Gereja adalah tanda dan sakramen keselamatan di tengah dunia.  “Keselamatan” di sini dapat diartikan dengan terciptanya suasana keadilan.

Hal ini persis yang sedang diperjuangkan dalam persoalan Pede.

Ketika Labuan Bajo sering dieluk-elukkan sebagai daerah kaya karena daya tarik wisatanya, pembangunan justru berjalan timpang. Distribusi manfaat sektor pariwisata tidak merata.

Ketidakadilan adalah biang persoalan. Segelintir orang menikmati keistimewaan dari pembangunan, sementara sebagian besar orang terpinggirkan, didominasi dan dieksploitasi.

Terjadi pencaplokan kepemilikan, akses, manfaat dari pantai, pulau-pulau, pesisir, tanah, dan air dari kepemilikkan bersama kepada hanya segelintir orang.

Pada saat yang sama, sebagian besar penduduk masih menyoalkan keperluan dasar seperti air, rumah sakit, listrik, jalan dan minimnya fasilitas pendidikan.

Pantai Pede adalah salah satu dari sekian persoalan tersebut, sebagai satu-satunya ruang publik yang masih bebas diakses dan dimanfaatkan oleh publik selama ini.

Pede terancam diprivatisasi, dibatasi bagi publik. Kondisi demikian tidak bisa dibiarkan. Ketidakadilan, cepat atau lambat, menimbulkan chaos. Seperti api dalam sekam, sesewaktu bisa meledakkan konflik.

Di tengah kondisi itu, Gereja hadir. Gereja menunjukkan keberpihakan kepada korban ketidakadilan.

Menyerukan suara profetis agar keadilan perlu ditegakkan, dijunjung setinggi-tingginya dengan memperhatikan kemaslahatan bersama.

Jika ditarik kepada penafsiran yang lebih bebas, kehadiran Gereja tidak berhenti di sana.

Ia juga hadir di antara elit politik dan ekonomi. Hadir untuk “menegur” segala bentuk kesewenang-wenangan dan keserakahan.

Pilihan Gereja itu akhirnya menjadi kekuatan, yang tampak nyata lewat kehadiran umat yang berbondong-bondong memenuhi Pantai Pede.

Demi keadilan, Gereja tidak bersikap kompromistis apalagi menginginkan win-win solution, karena win-win solution tidak selalu sama dengan keadilan.

Tentu bukan kali ini saja sikap profetis demikian kita saksikan. Dalam persoalan tambang, Gereja menunjukkan sikap serupa. Bersama masyarakat, Gereja menolak segala bentuk pemiskinan dalam berbagai selubung pembangunan seperti pertambangan.
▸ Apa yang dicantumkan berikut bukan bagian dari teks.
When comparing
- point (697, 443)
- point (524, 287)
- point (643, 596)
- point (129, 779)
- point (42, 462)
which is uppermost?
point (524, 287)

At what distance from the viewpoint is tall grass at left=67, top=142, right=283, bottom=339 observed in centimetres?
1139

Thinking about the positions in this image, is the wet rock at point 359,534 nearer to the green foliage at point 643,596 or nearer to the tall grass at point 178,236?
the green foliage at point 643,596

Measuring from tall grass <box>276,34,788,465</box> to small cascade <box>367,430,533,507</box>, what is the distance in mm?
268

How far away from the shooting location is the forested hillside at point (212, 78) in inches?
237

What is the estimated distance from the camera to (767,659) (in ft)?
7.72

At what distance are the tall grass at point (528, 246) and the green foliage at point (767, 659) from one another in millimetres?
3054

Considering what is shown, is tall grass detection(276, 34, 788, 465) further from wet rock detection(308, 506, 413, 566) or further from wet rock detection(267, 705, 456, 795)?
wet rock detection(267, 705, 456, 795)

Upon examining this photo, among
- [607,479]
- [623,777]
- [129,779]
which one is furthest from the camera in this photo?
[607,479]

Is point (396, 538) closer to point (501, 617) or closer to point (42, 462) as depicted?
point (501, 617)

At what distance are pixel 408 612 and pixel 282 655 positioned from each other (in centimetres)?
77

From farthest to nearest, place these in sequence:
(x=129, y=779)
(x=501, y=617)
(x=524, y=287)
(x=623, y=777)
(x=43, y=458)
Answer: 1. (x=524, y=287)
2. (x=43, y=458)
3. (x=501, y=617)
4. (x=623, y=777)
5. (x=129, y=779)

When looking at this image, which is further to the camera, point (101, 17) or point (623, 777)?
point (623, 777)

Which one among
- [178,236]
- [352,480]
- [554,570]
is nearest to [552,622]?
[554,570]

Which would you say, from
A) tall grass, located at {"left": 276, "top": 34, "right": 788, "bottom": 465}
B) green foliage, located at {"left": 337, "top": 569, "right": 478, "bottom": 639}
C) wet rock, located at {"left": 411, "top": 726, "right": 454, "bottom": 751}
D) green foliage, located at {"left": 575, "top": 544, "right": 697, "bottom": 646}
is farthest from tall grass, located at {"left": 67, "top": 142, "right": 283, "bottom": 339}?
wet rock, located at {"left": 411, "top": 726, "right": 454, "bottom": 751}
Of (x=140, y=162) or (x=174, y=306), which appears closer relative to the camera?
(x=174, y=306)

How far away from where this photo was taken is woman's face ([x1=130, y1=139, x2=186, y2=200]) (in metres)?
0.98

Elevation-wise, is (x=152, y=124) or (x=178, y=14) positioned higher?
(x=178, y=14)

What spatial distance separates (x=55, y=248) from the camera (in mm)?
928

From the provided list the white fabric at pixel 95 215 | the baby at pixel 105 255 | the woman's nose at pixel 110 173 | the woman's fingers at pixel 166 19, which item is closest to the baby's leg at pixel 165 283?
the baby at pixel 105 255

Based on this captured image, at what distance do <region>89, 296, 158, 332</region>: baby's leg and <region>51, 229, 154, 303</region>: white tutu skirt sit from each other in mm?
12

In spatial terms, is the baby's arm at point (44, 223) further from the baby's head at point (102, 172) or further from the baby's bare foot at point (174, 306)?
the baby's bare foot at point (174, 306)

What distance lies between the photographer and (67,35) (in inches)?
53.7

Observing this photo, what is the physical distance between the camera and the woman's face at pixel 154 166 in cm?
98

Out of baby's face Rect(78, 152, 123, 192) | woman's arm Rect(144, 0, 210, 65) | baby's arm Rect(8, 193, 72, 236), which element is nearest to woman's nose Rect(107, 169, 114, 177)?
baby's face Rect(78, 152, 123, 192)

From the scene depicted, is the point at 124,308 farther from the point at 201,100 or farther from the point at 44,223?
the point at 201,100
Ke depan, kita berharap, sikap profetis demikian terus bernyala.

Karena itu, lebih jauh kita mendorong Gereja dengan segala sumber daya yang ada untuk terus meneliti dan mempersoalkan, misalnya, mengapa rakyat miskin, bagaimana mereka menjadi miskin, tetap miskin dan semakin miskin.
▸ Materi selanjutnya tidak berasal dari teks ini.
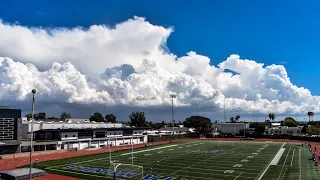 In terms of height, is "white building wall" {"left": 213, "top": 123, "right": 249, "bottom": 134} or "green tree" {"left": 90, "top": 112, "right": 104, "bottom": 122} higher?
"green tree" {"left": 90, "top": 112, "right": 104, "bottom": 122}

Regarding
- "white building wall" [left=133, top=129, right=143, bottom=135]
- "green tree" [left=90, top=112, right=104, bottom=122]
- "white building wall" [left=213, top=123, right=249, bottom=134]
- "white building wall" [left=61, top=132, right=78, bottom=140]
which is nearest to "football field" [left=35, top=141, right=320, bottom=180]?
"white building wall" [left=61, top=132, right=78, bottom=140]

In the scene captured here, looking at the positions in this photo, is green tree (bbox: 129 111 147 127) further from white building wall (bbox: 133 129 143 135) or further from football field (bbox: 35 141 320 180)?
football field (bbox: 35 141 320 180)

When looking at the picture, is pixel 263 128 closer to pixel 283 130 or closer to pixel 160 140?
pixel 283 130

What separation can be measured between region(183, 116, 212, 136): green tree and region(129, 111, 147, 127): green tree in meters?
28.4

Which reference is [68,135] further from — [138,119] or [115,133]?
[138,119]

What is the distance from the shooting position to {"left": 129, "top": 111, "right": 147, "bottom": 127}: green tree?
176 meters

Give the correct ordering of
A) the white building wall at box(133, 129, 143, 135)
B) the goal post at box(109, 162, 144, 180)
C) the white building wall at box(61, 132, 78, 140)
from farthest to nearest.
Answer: the white building wall at box(133, 129, 143, 135) → the white building wall at box(61, 132, 78, 140) → the goal post at box(109, 162, 144, 180)

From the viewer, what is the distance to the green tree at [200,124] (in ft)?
524

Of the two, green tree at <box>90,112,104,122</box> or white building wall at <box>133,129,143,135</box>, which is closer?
white building wall at <box>133,129,143,135</box>

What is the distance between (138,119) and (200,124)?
36.8 m

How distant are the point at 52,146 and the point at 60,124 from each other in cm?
1412

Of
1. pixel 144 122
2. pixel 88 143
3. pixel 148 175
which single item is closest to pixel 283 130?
pixel 144 122

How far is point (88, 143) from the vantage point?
93.4 meters

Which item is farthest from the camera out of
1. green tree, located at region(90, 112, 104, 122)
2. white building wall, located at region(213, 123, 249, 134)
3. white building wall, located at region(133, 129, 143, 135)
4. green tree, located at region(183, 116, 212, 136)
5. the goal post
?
green tree, located at region(90, 112, 104, 122) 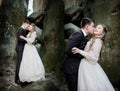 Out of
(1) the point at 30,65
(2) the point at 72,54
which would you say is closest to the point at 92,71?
(2) the point at 72,54

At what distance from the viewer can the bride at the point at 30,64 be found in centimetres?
757

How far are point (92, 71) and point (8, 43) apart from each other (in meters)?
4.32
Catatan lain, memperjuangkan keadilan sangatlah universal. Tidak berusaha membatasi, apalagi mengkotak-kotakkan. Dalam konteks itu, Misa di Pantai Pede tidak diartikan upaya penyanderaan keanekaragaman di Labuan Bajo.

Perjuangan keadilan adalah warna dasarnya. Dalam Misa di Pede, perjuangan politis itu diartikulasikan secara lebih mendalam dalam keintiman dengan Tuhan.

Oleh karena itu, tidak menutup kemungkinan, kaum beragama lain yang juga menaruh perhatian terhadap perjuangan menolak privatisasi Pantai Pede, menyerukan keadilan dalam cara-cara serupa. (Redaksi Floresa)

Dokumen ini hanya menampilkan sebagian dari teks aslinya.